Critique : De son vivant
par Fabien Lemercier
- CANNES 2021 : Emmanuelle Bercot signe un mélodrame risqué, puissant et poignant, sur un homme en chemin vers sa mort inéluctable, incarné par Benoît Magimel
"Préparez-vous au grand départ et préparez les autres à votre absence". Douleur, courage, culpabilité, solitude, tristesse, liberté, dilemme, choix, cruauté, impuissance : "quel que soit le scénario, nous perdrons la bataille contre le cancer car il sera plus fort que nous." Quand il apprend que ce qu’il qualifie de "merde au pancréas", encore dans le flou, la nervosité et l’espoir miraculeux d’être soigné et guéri, est incurable, le jeune quadragénaire Benjamin se braque face à l’inéluctable vérité scientifique ("vous êtes un as, mais vous n’avez rien à proposer !").

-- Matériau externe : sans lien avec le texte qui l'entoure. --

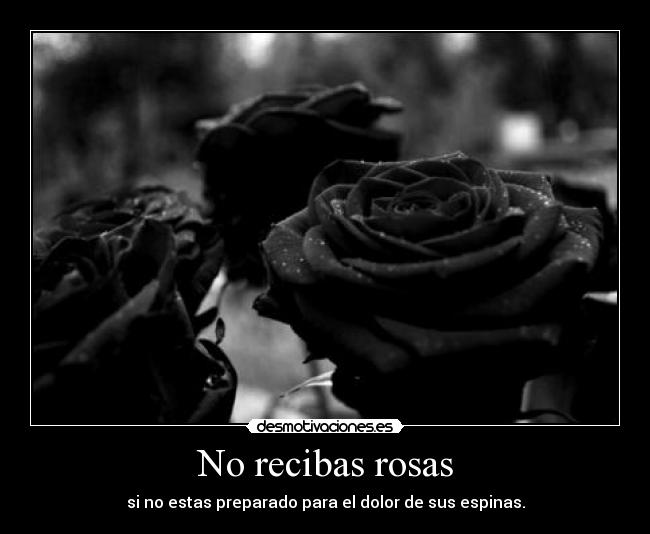 No recibas rosas - si no estas preparado para el dolor de sus espinas.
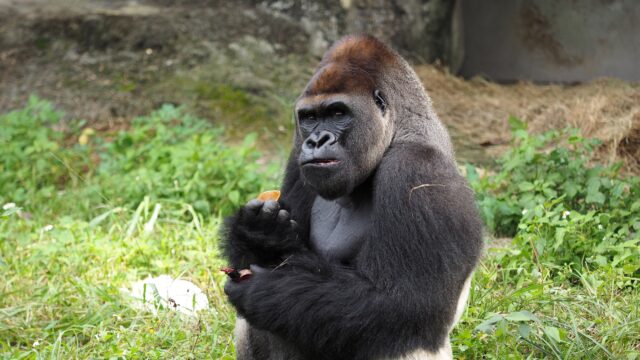 Hoe Wordt Een Leider Van Een Groep Gorillas Genoemd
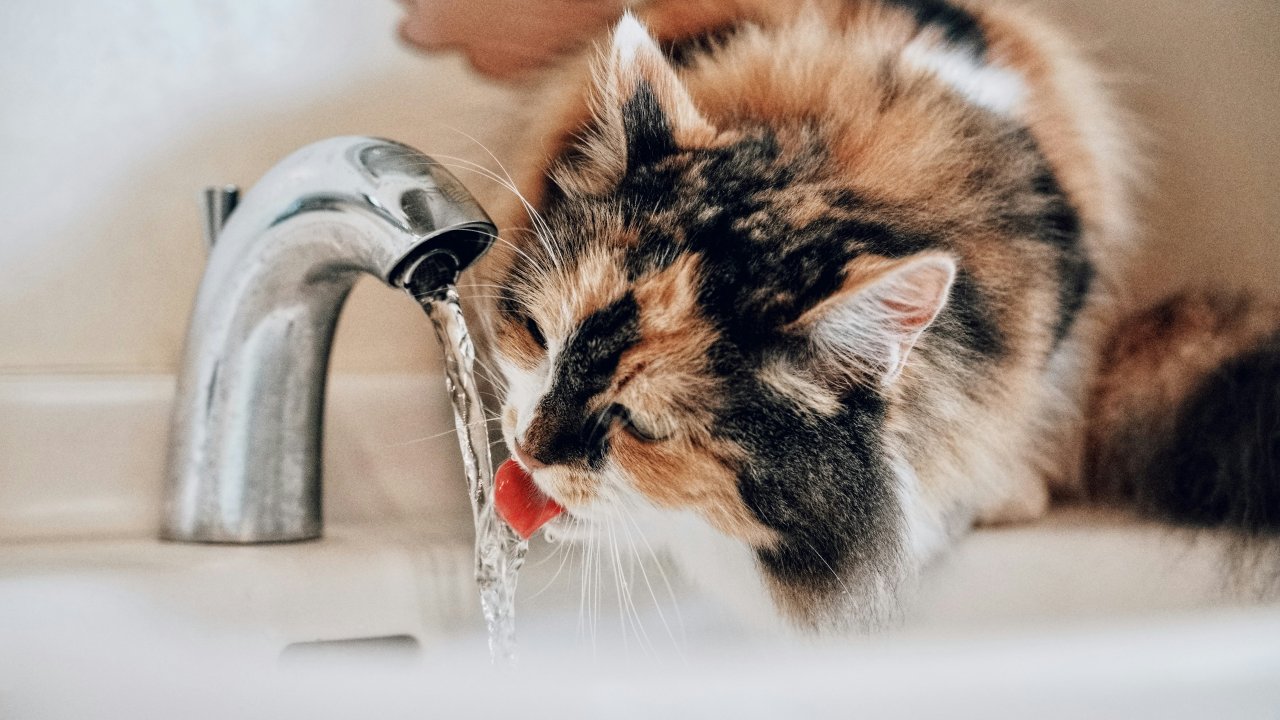 insuficiencia-renal-gatos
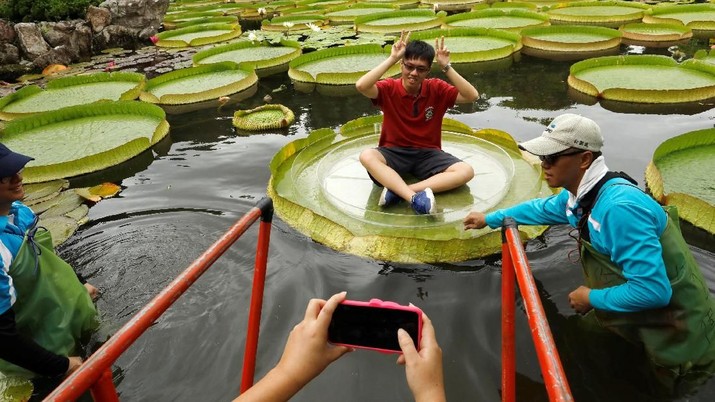 teratai raksasa taipei A boy walks on a giant waterlily leaf during an annual leaf-sitting event in Taipei, Taiwan August 16, 2018. REUTERS/Tyrone Siu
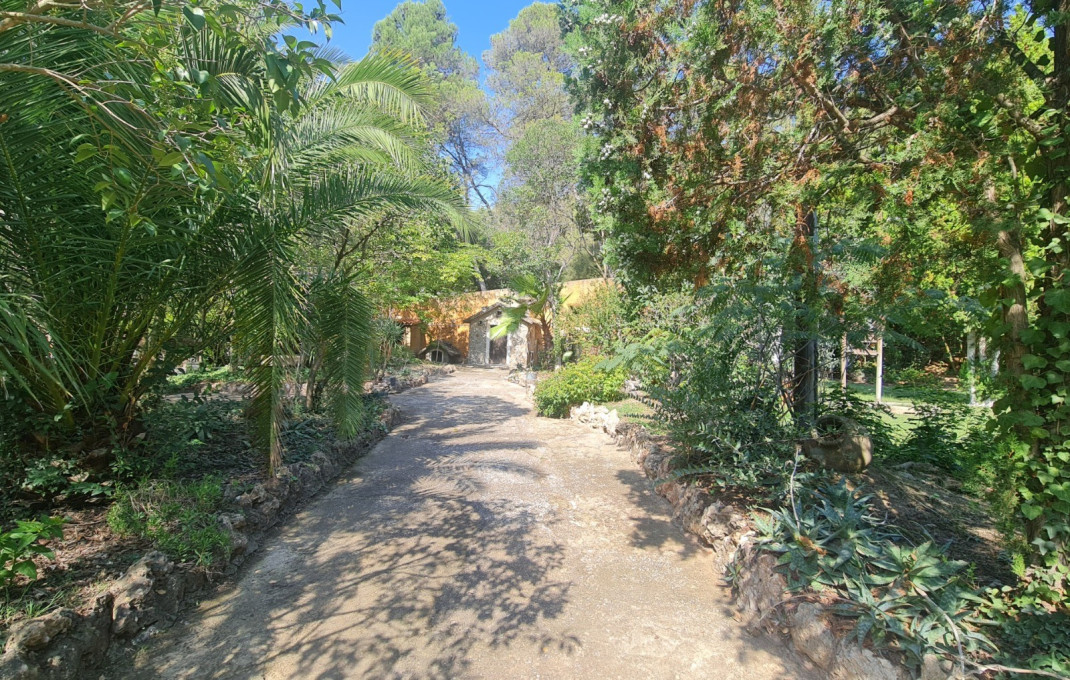 Venta - Masía -
Badalona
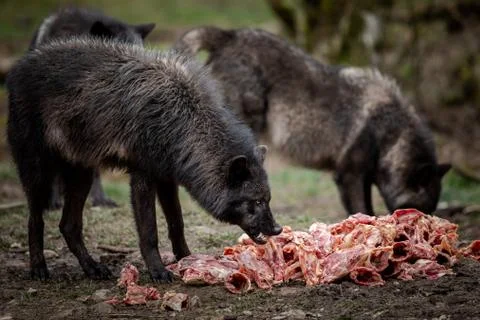 Timberwolf eating meat in the forest Stock Photos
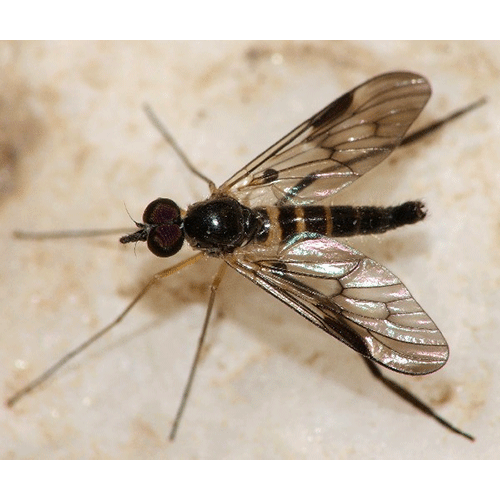 Семейство Athericidae фото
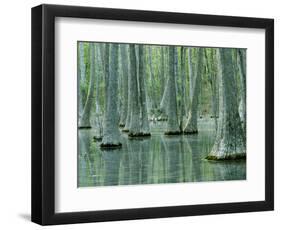 Water Tupelo Swamp, Mark Twain National Forest, Missouri, USA-Charles Gurche-Framed Photographic Print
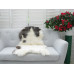 Genuine Jacob Sheepskin Rug J357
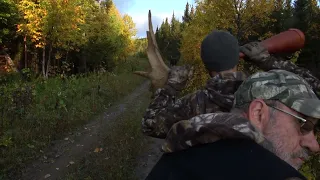 Beau buck orignal qui vient sur le call à notre premier matin dans les Chic-Chocs!! Partie 1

C’est son parcours d’acception de sa mort, jusqu’au dernier souffle, en quatre saisons, accompagné par ses proches et par le personnel médical, que retrace la cinéaste française Emmanuelle Bercot dans De son vivant [+lire aussi :
bande-annonce
fiche film], un mélodrame poignant et totalement assumé, cherchant les étincelles de lumière et de vie dans l’obscurité de la grande faucheuse prenant peu à peu possession d’un corps. Un long métrage présenté hors compétition au 74e Festival de Cannes qui offre un très grand rôle au toujours excellent Benoît Magimel et rendant également un hommage en miroir émouvant à la résilience de la mythique Catherine Deneuve qui avait repris le tournage du film après plusieurs mois d’interruption à la suite d’un AVC.

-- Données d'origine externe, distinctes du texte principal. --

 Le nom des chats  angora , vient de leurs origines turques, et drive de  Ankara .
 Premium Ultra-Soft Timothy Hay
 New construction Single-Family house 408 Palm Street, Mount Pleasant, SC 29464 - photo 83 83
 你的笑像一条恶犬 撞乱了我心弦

"Maman, je suis foutu". Avec son cancer de stade 4, l’espérance de vie de Benjamin (Magimel), un professeur de théâtre préparant ses jeunes élèves au concours d’entrée au Conservatoire national, est évaluée entre 6 et 12 mois. Dépassement du déni, moyens de maintenir au maximum la qualité de vie et de ralentir le processus mortel, syndrome du héros (l’impasse insupportable pour le malade de l’appel à ne pas renoncer à se battre contre sa maladie avec comme corollaire la peur de décevoir alors qu’il a besoin en réalité de l’inverse, de la permission de mourir), peur, diminution progressive des capacités vitales, mise en ordre des mauvais karmas de son existence afin de trouver de la sérénité. Le film parcourt toutes les étapes de ce dernier voyage avec Benjamin, sa mère Crystal (Deneuve), le docteur Eddé (le cancérologue américano-libanais Gabriel Sara dans son propre rôle), son bras droit Eugénie (Cécile de France), l’étudiante en théâtre Lola (Lou Lampros), le fils australien Léandre (Oscar Morgan).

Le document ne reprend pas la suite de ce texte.